I learned about the afterlife in pre-school, from a boy named Brian: “When Jews die they go to hell, where they are stabbed by the devil with giant forks and knives.”

*          *          *

I first read sections of Anne Frank’s diary when I was eight, sitting on the floor of my school library. I did not get very far, distracted by too many details of daily life, bored by the presence of adults. But I read Anne Frank’s diary several times throughout the years.

*          *          *

My parents didn’t believe in organized religion so we only went to synagogue on the high holidays and on rare Friday nights when my grandmother guilted my mother into driving into Chicago to go to Temple Beth El. We lit candles on Chanukah, even though my mom said the only reason Jews celebrated Chanukah with such fervor was because after World War II they became afraid their kids would be so jealous of Christmas that they would convert.

And then there really would be no Jews left.

*          *          *

We learned Christmas songs for the Holiday Sing at school. My mom said it was okay for us to sing “Rudolph the Red Nose Reindeer” but not “Away in A Manger.” Other Jewish parents complained, too. The music teacher added “Dreidel, Dreidel, Dreidel” to the program, but we still sang “Silent Night”.

*          *          *

At the Brownies induction ceremony at the Botanical Gardens I refused to say Jesus’s name in prayer. I didn’t know I was doing something subversive, but afterwards everyone was mad.

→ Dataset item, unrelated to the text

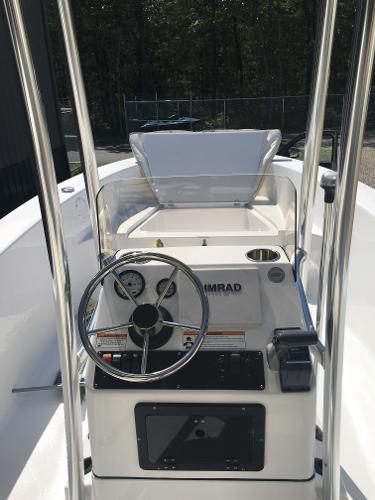 Slide: The Image of 2018 Sportsman Island Reef 19 Center Console boat interior with steering wheel and controls. - 1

A few weeks later, the troop leaders left me at the roller-skating rink two towns over when my mom didn’t pick me up at 6 p.m. She arrived at 6:30 and found me sobbing. She said the troop leaders told her the wrong time on purpose because I wouldn’t say Jesus’s name. I wasn’t in Brownies anymore after that.

*          *          *

My mother’s grandmother came from Poland when she was 16, my mother’s father from Russia when he was five. My father’s family is from Russia and Romania. Everyone was in the U.S. well before World War II, settled in and around Chicago. I come from working-class folk and criminals.

*          *          *

I preferred When Hitler Stole Pink Rabbit, by Judith Kerr. I had a teddy bear named Oatmeal. I did not like the idea of Hitler playing with him.

*          *          *

My twin brother, Mike, and I raced up from the basement to tell my parents about a funny show we’d watched on TV—the story of the first man and woman on earth, a lady named Eve and a guy with a more ordinary name that had already escaped us.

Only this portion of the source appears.